Response of Peyer's patch lymphocyte subsets to Giardia muris infection in BALB/c mice. I. T-cell subsets

Initial cellular events in the intestinal immune response occur within Peyer's patches and are subject to complex regulation by T cells. The aim of this study was to analyze the response of murine Peyer's patch T, T-helper (Th), and T-suppressor (Ts) cells to Giardia muris infection. Immunocompetent BALB/c mice were infected with G. muris cysts and, at serial times during the infection, Peyer's patch leukocyte suspensions were incubated with fluorescent monoclonal antibodies that identified murine leukocytes, T, Th, or Ts lymphocytes. These suspensions were examined by flow cytometry to quantify each T-cell subset as a percentage of total leukocytes. Total Peyer's patch leukocytes more than doubled in number during the course of G. muris infection and returned to control levels as the infection was cleared.
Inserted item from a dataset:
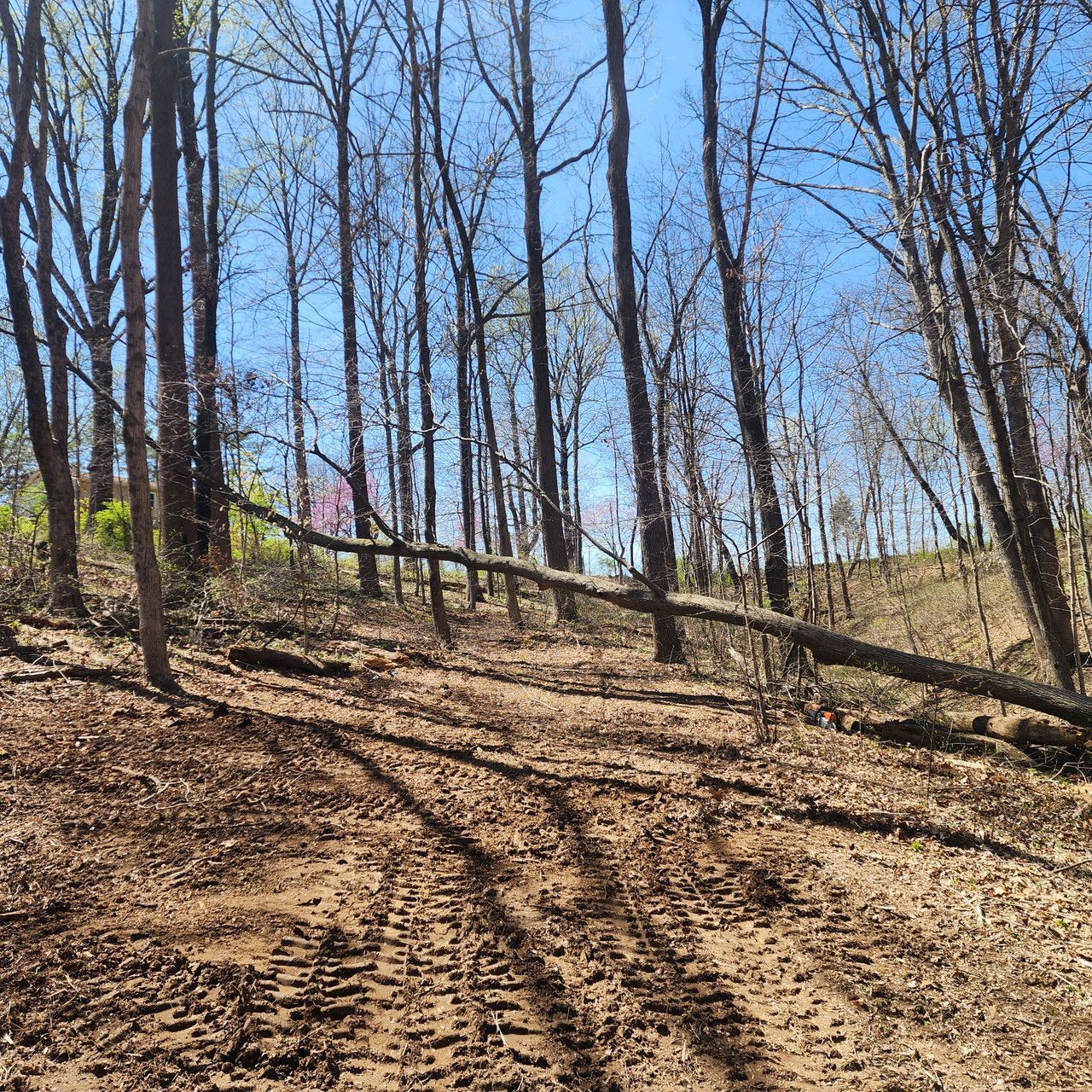 A tall tree has fallen across a muddy forest trail marked with vehicle tire tracks under a bright blue sky.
The percentages of Peyer's patch Th and Ts lymphocytes were 34.1 +/- 0.8% (mean +/- SEM) and 6.2 +/- 0.3%, respectively, in the absence of infection, and did not change significantly during Giardia infection. The Th/Ts ratio in Peyer's patches was 5.6 +/- 0.2 in uninfected BALB/c mice and also did not change significantly during clearance of G. muris. We conclude that Peyer's patch leukocytes double in number in response to G. muris infection in immunocompetent mice, G. muris infection does not lead to altered percentages of Peyer's patch T, Th, or Ts lymphocytes, and clearance of G. muris infection is associated with a Peyer's patch Th/Ts ratio of greater than 5.